When Outside Defense Isn’t

Defense costs “Outside” the Limit of Insurance is almost taken for granted and it’s becoming a more common feature for policies that have historically been purely “Inside Limits” policies.  Even with policies such as Directors & Officer’s Liability you’re seeing additional limits and – depending on the type of policy (Non-profit, etc.) – full “Outside Limits” Defense coverage. 

Defense is usually paid as “supplemental costs” in a policy, and an insuring agreement will usually say something like, “We will pay all costs we incur, including legal and defense fees.” It is important to highlight, then, that it isn’t *technically* “Defense Costs” that are “outside the limits” on these policies, rather it’s the non-indemnity costs incurred.  This is an important distinction when a policyholder has agreed to indemnify someone via contract. The short version of why is because contractual costs are “indemnity” loses to the policy holder, even if those costs are earmarked in the contract for defense.

The reason for this is because indemnity, even of a third party’s defense costs, are considered “damages” (or similar) by the policy. In fact the CGL expressly says this. In the Contractual Liability exclusion of the CG 00 01 10 01, to which there are many exceptions, we find this language: 

Solely for the purposes of liability assumed in an “insured contract”, reasonable attorney fees and necessary litigation expenses incurred by or for a party other than an insured are deemed to be damages… 

Note there are some provisions you can find under “Supplementary Payments” that allow defense costs “outside” for the indemnitee when various conditions are met, and these typically require the indemnitee to subjugate themselves to handing over all defense options to the insuring carrier – something many won’t wish to do.

I’ve seen contracts that specifically require one party to indemnify another and specifically states that any insurance defense should be “outside” the limits. On the retail side this problem is often met by adding an Additional Insured provision to the policy. But this isn’t a perfect solution either as many Additional Insured provisions are now, themselves, stating that defense costs are specifically “inside” the Limit of Insurance. 

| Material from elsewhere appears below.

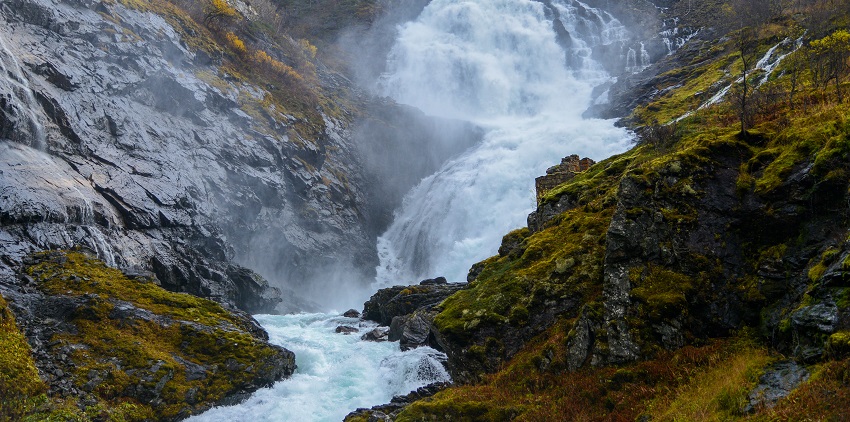 An Image of water flowing from the Kjosfossen Waterfall, surrounded by greenery and rocky cliffs.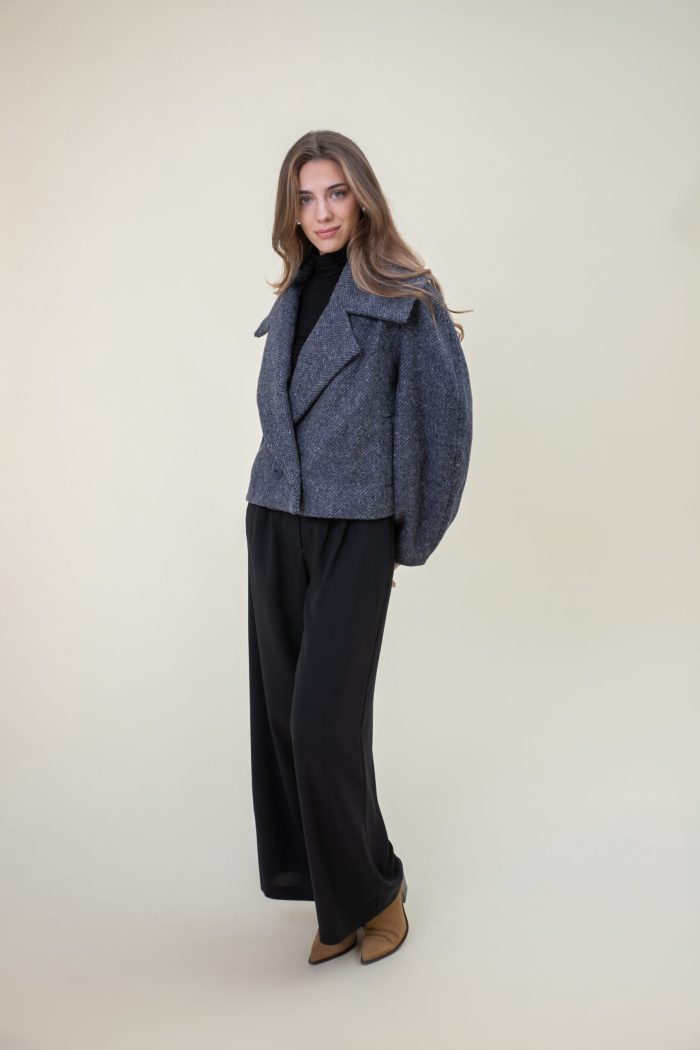 Double Breasted Wool Jacket In Herringbone side front view Double Breasted Wool Jacket In Herringbone side front view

This type of language has not yet made it into ISO forms, as far as I’m aware, but we have seen ISO continue to restrict Additional Insured endorsements. One major recent change being that (e.g.) on the CG 20 10 the coverage afforded to an Additional Insured is specifically limited to that which is required by the contract. This alone could be sufficient for a carrier to say that “outside” defense coverage shouldn’t be assumed as “required by the contract”, hence the AI does not enjoy such. 

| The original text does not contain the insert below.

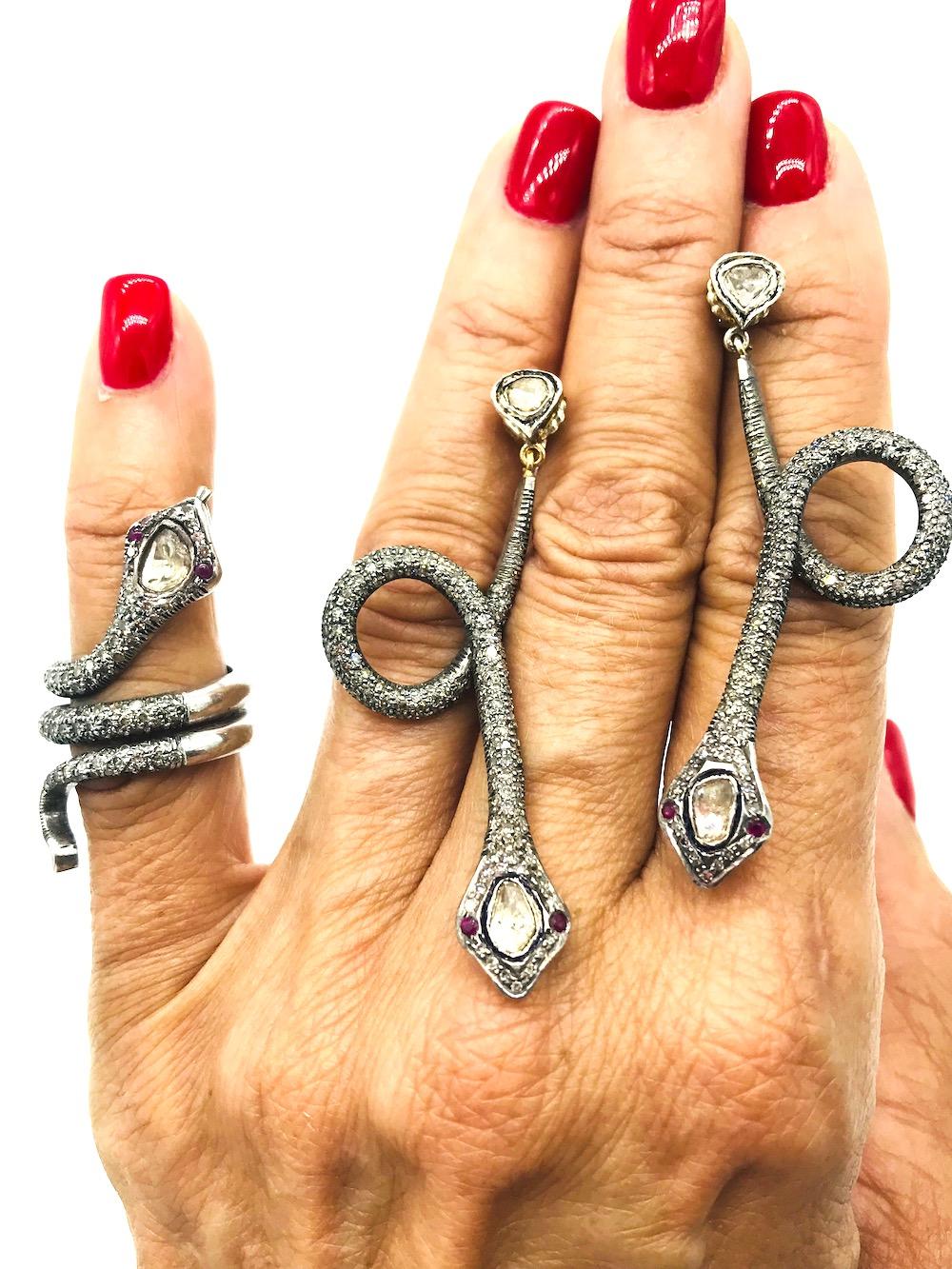 Snake Earrings and Ring, Circa 18th Century, Silver-Diamonds 
Matched set of snake jewelry. The ring is a triple, Size 6 shank expanding 40 mm from tip of head to the tail. The 150 diamonds are encrusted in prongs measurig 1.50-1.60 mm each. The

Even if not, I imagine we’ll see some of the “Standard” Additional Insured endorsements specify “inside” defense coverage soon enough, though “soon enough” is relative in the insurance industry when changing a comma on an ISO form can take a decade. For now, take a close look at your AI endorsements and any “automatic” provisions to see what is offered; this limitation could already be in place – this is especially the case for proprietary/non-standard/excess lines forms.